Bandit Algorithms: Exploration vs Exploitation

This document explains the fundamental concepts behind bandit algorithms and how they solve the exploration-exploitation trade-off in recommendation systems.

The Multi-Armed Bandit Problem

The multi-armed bandit problem is a classic problem in probability theory and machine learning. Imagine you're in a casino with multiple slot machines (arms), each with an unknown probability of paying out. Your goal is to maximize your total reward over time by deciding which machines to play.

The Core Challenge

The fundamental challenge is the exploration-exploitation trade-off:

Exploitation: Play the machine that has given you the best results so far
Exploration: Try other machines to discover if they might be better

Too much exploitation means you might miss better opportunities. Too much exploration means you're not capitalizing on what you've already learned.

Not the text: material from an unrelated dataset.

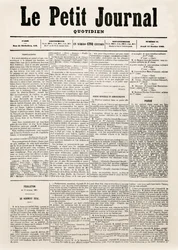 Titelpagina van dagblad Le Petit Journal, 12 februari 1863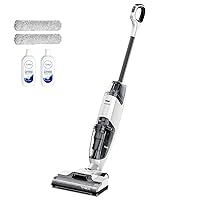 Tineco iFLOOR 2 Complete Cordless Wet Dry Vacuum Floor Cleaner and Mop, One-Step Cleaning for Hard Floors, Great for Sticky Messes and Pet Hair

Bandit Algorithms in Recommendation Systems

In recommendation systems, bandit algorithms help solve similar problems:

Which recommendation algorithm should I use for this user?
Which product should I recommend to maximize conversion?
Which ad should I show to maximize click-through rate?

Real-World Example

Consider an e-commerce site testing three recommendation strategies:

Collaborative Filtering: Based on similar users
Content-Based: Based on item features
Hybrid: Combination of both

Each strategy has an unknown conversion rate. A bandit algorithm helps decide which strategy to use for each user to maximize overall conversions.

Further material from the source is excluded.